(Dataset excerpt begins)
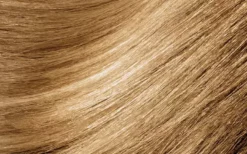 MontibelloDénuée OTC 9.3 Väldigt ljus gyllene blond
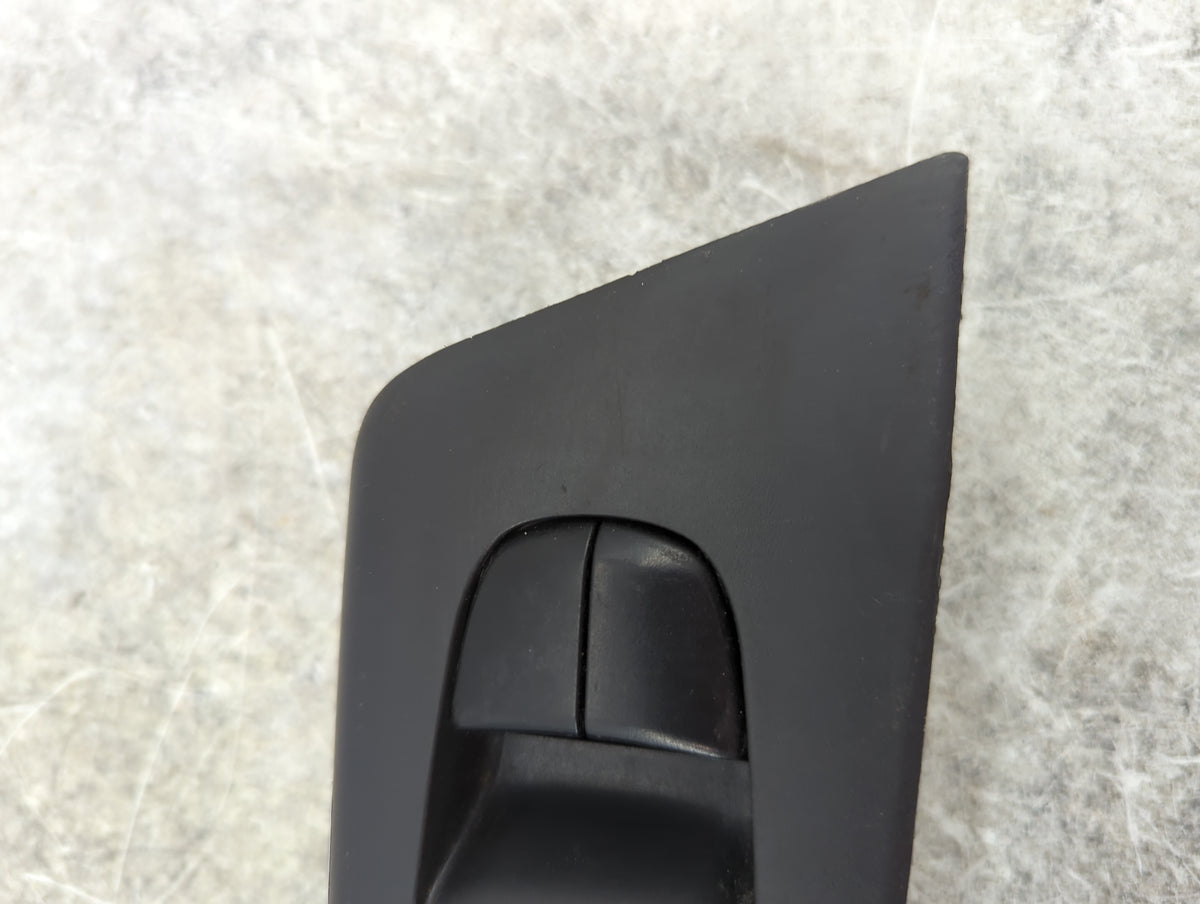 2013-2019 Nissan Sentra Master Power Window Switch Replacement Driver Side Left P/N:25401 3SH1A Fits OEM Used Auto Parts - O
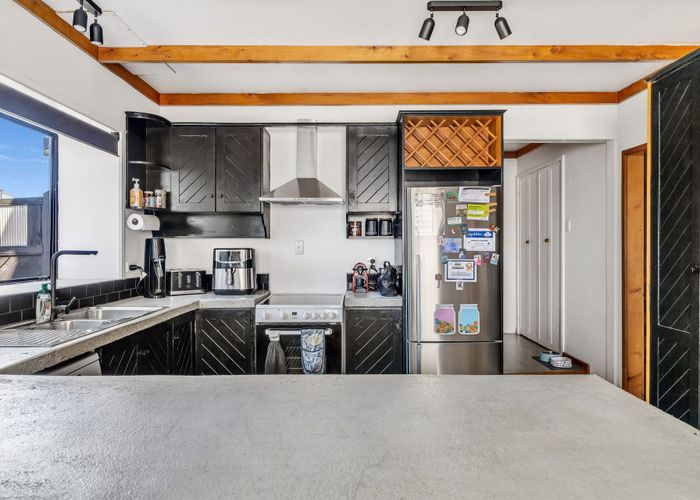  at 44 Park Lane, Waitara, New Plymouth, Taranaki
(Dataset excerpt ends)
**Directions:** Transcribe the material exactly, leaving every picture out.

**Answer to the problem:**
 MontibelloDénuée OTC 9.3 Väldigt ljus gyllene blond
 2013-2019 Nissan Sentra Master Power Window Switch Replacement Driver Side Left P/N:25401 3SH1A Fits OEM Used Auto Parts - O
  at 44 Park Lane, Waitara, New Plymouth, Taranaki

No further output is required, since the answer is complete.